The following business rules control when we log events to the EditorJourney schema:
$wgWMEUnderstandingFirstDay
is set to true in the MediaWiki configuration repository. Currently, this is set for Korean and English beta labs. The plan is to have this enabled on Korean and Czech wikipedias.- The user has to be in the cohort we are interested in logging data for. The cohort is users who have created their accounts within the last 24 hours.
For users in the cohort, on each page view, redirected page view, login or logout event we construct an event object containing the following:
- The title text, e.g. "Help desk" if the user is on
/wiki/Wikipedia:Help_desk
. - The page ID, e.g. 564696
- The HTTP request method, this will be either GET or POST depending on whether the user is reading or writing data.
- The action associated with the page view, for example if the user is on
/w/index.php?title=Wikipedia:Help_desk&action=history
then action would be "history" - If the action is "edit", we generate a comma-separated list of permission errors associated with the edit action for this page, if any. Example would be "protectedpagetext,editprotected,edit" or "badaccess-group0". This is helpful in understanding if the user is encountering access permissions problems when attempting to edit a protected article, for example.
- If the page view is associated with the mobile front end
- The namespace associated with the event, e.g. 1, 2, etc
- The path associated with the page view, for example if the URL is
https://en.wikipedia.org/w/index.php?title=Wikipedia:Help_desk&action=info
, then the path would be/w/index.php
- The query parameters associated with the page view, for example if the URL is
https://en.wikipedia.org/w/index.php?title=Wikipedia:Help_desk&action=info
then the query parameters would be?title=Wikipedia:Help_desk&action=info
- The user ID associated with the page view
Redacting sensitive information
editOnce we have the event object prepared, we redact sensitive data from it.
- First, we hash[1] or redact sensitive query parameters. Hashed query parameters are
search
,return
, andreturnto
, whiletoken
is simply replaced with the stringredacted
. - Then, we check to see if the event is in a sensitive namespace.
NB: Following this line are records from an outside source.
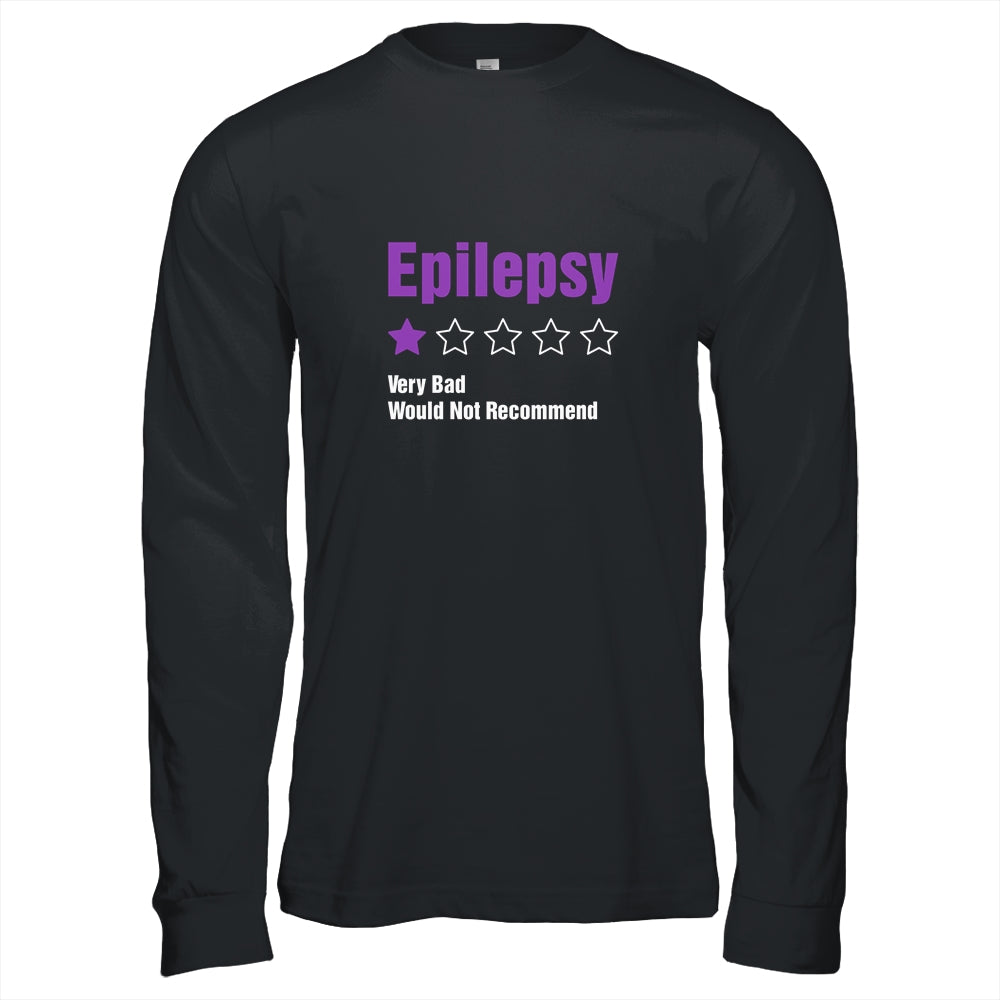 Epilepsy Awareness Very Bad Would Not Recommend T-Shirt & Hoodie | Teecentury.com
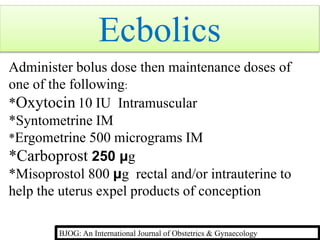 Ecbolics
Administer bolus dose then maintenance doses of
one of the following:
*Oxytocin 10 IU Intramuscular
*Syntometrine IM
*Ergometrine 500 micrograms IM
*Carboprost 250 μg
*Misoprostol 800 μg rectal and/or intrauterine to
help the uterus expel products of conception
BJOG: An International Journal of Obstetrics & Gynaecology
 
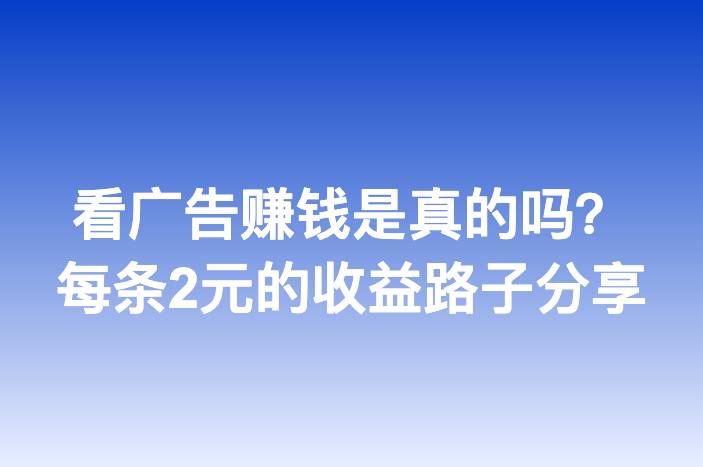 看广告赚钱是真的吗？每条2元的收益路子分享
The namespaces are defined in the MediaWiki-config repository, and vary by wiki.
- If the event's title is not in a sensitive namespace, then we log the event data and are done.
If it is in a sensitive namespace, then we have to hash several fields.
- Path: we replace all instances of the title db_key (i.e.
Main_Page
) in the path with the hashed value of the title db_key - Query: We replace all instances of the title db_key (i.e.
Main_Page
) in the query with the hashed value of the title db key - Title: We replace the title with the hashed value of the title.
- Page title: we replace any instances of title db_key or title text with the hashed value of title db_key
With the above steps done, we send the hashed data via the EditorJourney schema.
Footnotes
edit- ↑ We are using PHP's
hash_hmac
function with thewhirlpool
algorithm. The hash secret is generated once per user, and is stored in Redis with a 24 hour TTL. The key to lookup the secret is generated by hashing the user ID and user account registration timestamp. The end result is that we obfuscate the URLs that a user is visiting to protect privacy, but can still see patterns in page views, though we don't know which pages in particular they are viewing.